ILOILO —Patrick Tang, an engineer of Amazon.com, and his team brought 30 units of Kindle e-readers here to equip selected poor pupils with better educational tools.
“We are happy to provide these Kindle devices to underprivileged children to fulfill this tenet and to help them aim higher in life, beyond their present circumstance and be a blessing to others,” Tang said in a statement.
The device enables the pupils to download, browse and read e-books, newspapers, magazines and other digital media via internet.
The donation is part of Project Mustard Seed that aims to empower the disadvantaged with a safe, long term and sustainable platforms or solutions.
The end goal is to increase the literacy of children through quality education and break the cycle of poverty.
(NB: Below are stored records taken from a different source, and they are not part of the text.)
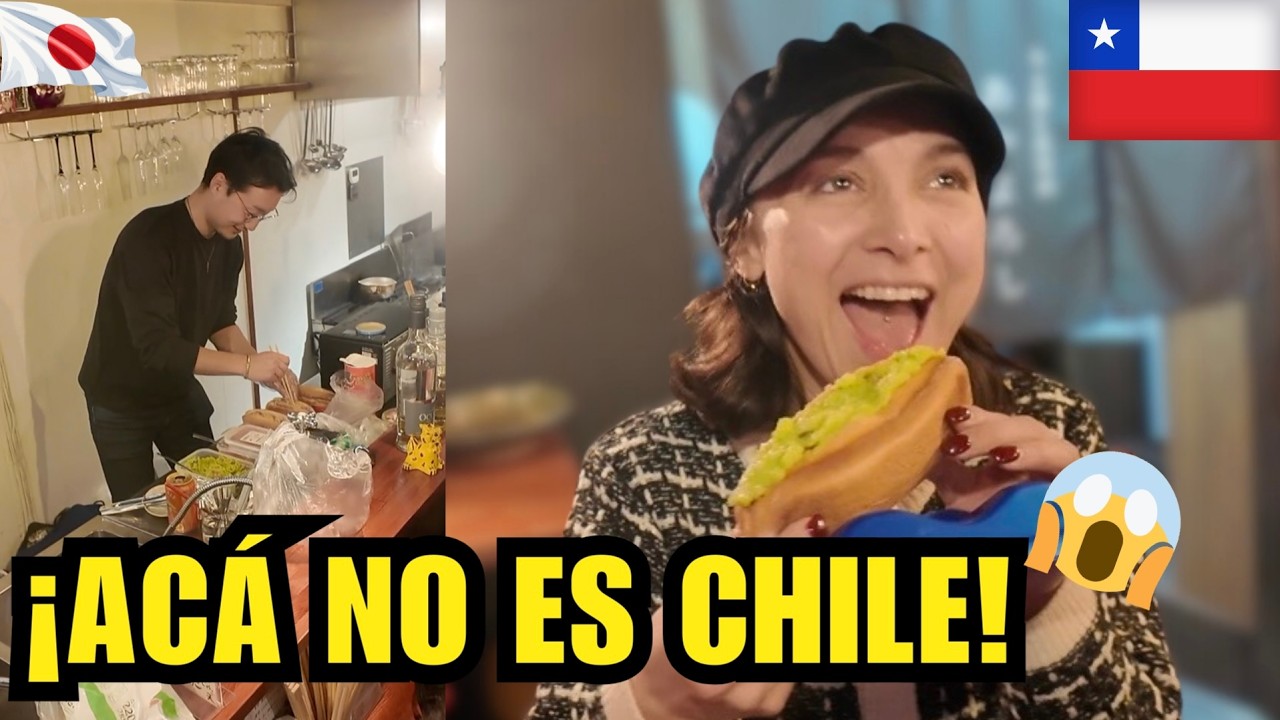 ¡El COMPLETO CHILENO conquista Japón! 🇨🇱🇯🇵 Latinos lo prueban en Osaka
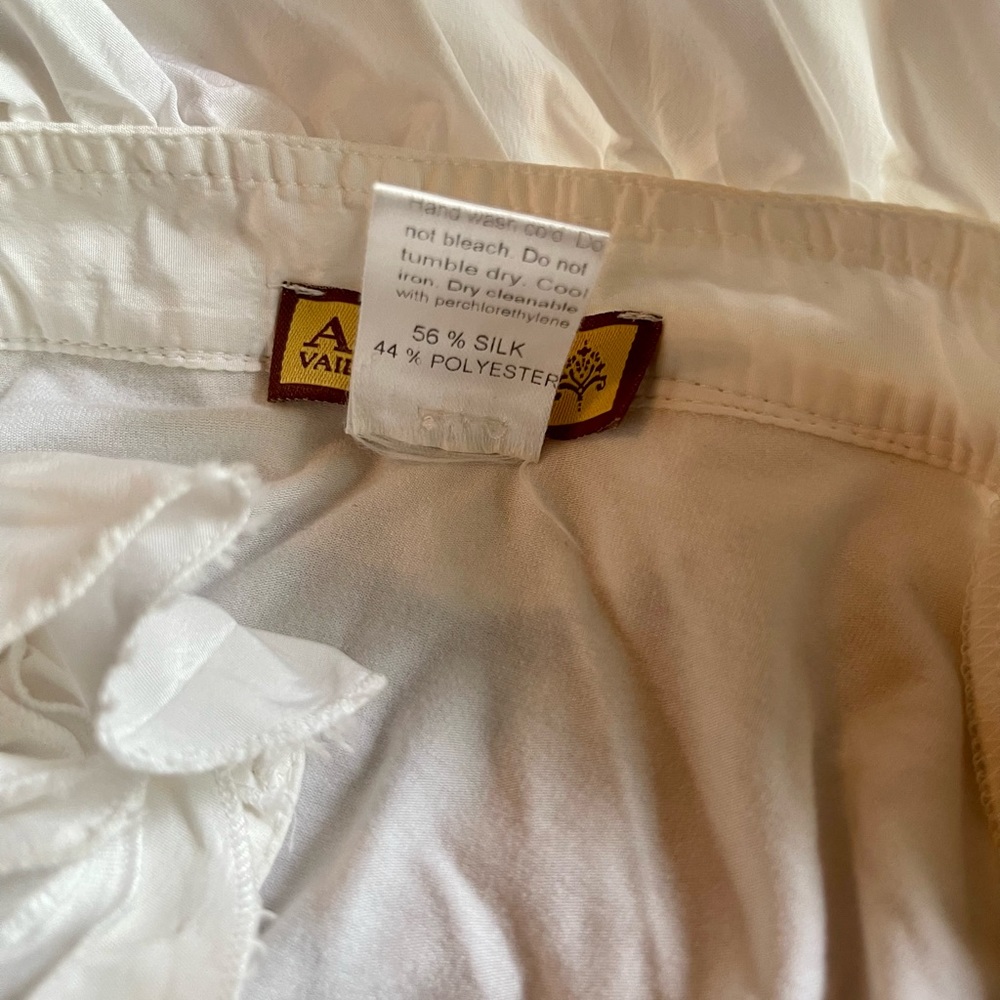 Axels Ruffled, Button Down Blouse - image 8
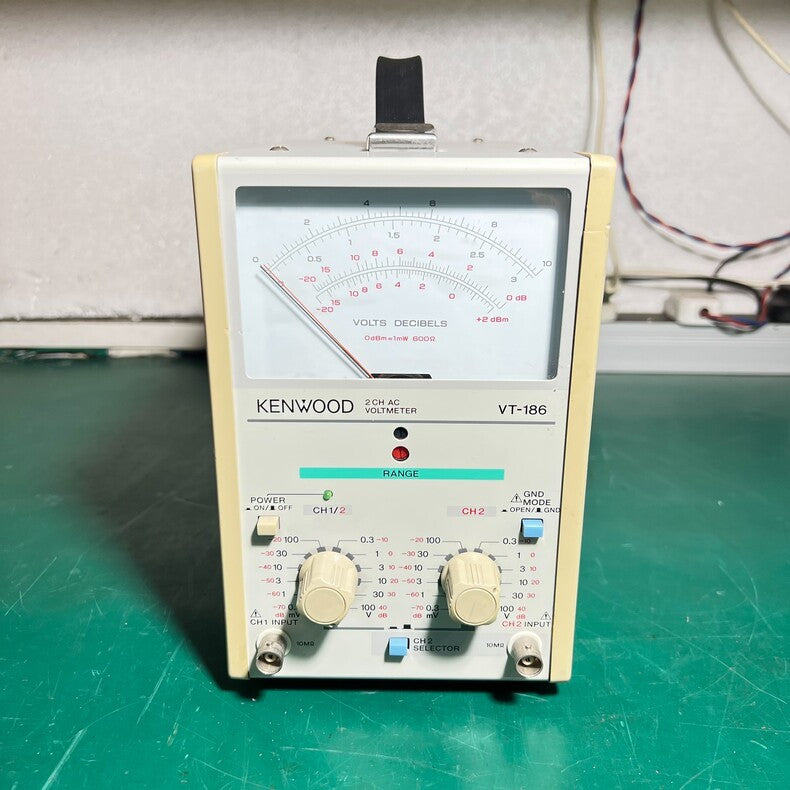 1PC Used Kenwood VT-186 Dual Channel AC Millivoltmeter Test Equipment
Tang believed that “literacy is transformative: it increases ones potential, decreases inequality, improves health outcomes and breaks the cycle of poverty”.
For instance, if reading proficiency is not attained by pupils on the third grade, there is a possibility that those pupils will discontinue, he said citing the 2014 study of US Ministry of Education.
That study showed that children who are reading below proficiency upon entering the fourth grade are four times more likely to drop out of high school later.
He also mentioned the World Reader’s iRead2 Study conducted from 2012 to 2014 that illustrate the advantages of using electronic readers among pupils.
The study compared 500 students (grades 1 to 3) who were exposed to an iRead program with e-readers to a control group with no e-readers.
Results were evaluated by an early grade reading assessment after 1.5 years and found that:
- 41% of iRead students could read above 45 correct words per minute compared to 13.4% in the control group
- 9% of iRead students could read above 60 correct words per minute compared to only 6.1% in the control group
- There were positive reading habits for iRead students completing nearly 2.89 books a day vs. 0.69 books for the control group
“Not only were their substantial gains in reading fluency and comprehension for kids with e-readers but their desire to read increased dramatically as they had access to richer content. Our prayer is for teachers to build on this success with kids right here in Iloilo,” he said.